By multiplying the size of the document by the number of sub-documents queried, we can determine the total stream size that the library must process, which, in this case, approximates to ~3MB. Further multiplying this figure by the RPS gives us an insight into the overall throughput of the stream processing:

3MB x 125 RPS ~= 375 MBps

The calculated throughput slightly exceeds the benchmarks outlined in the README. Moreover, the estimated throughput remains nearly constant across various tests. For a comprehensive view of these findings, please refer to the diagram below, which displays the estimated throughput for tests conducted under the HARD level with a document size of approximately 300KB:

Estimated throughput

Conclusions

The Couchbase sub-document API, while designed to optimize network throughput, introduces significant performance trade-offs. Notably, even under optimal conditions, operations on sub-documents are noticeably slower compared to regular get operations fetching small documents—evidenced by a comparison of the baseline performance; approximately 4-5k RPS for sub-document operations vs. 6-7k RPS for regular get operations.

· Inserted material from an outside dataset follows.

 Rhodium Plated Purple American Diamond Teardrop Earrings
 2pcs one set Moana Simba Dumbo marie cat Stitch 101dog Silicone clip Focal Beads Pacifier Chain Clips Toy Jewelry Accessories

The method Couchbase employs for executing lookups directly influences performance, manifesting declines as either the document size increases or the number of lookups per request raises. This slowdown affects all requests over the same connection due to the high CPU demand of sub-document lookup operations. Particularly in environments utilizing reactive/asynchronous clients, this can overload the Couchbase worker thread, leading to a halt in request servicing. Importantly, an overloaded worker may manage connections from multiple clients, potentially exacerbating the “noisy neighbor” effect.

While there are strategies to mitigate these issues from the perspective of a client, such as the gateway service, these considerations warrant a separate discussion, which I plan to address in a future blog post.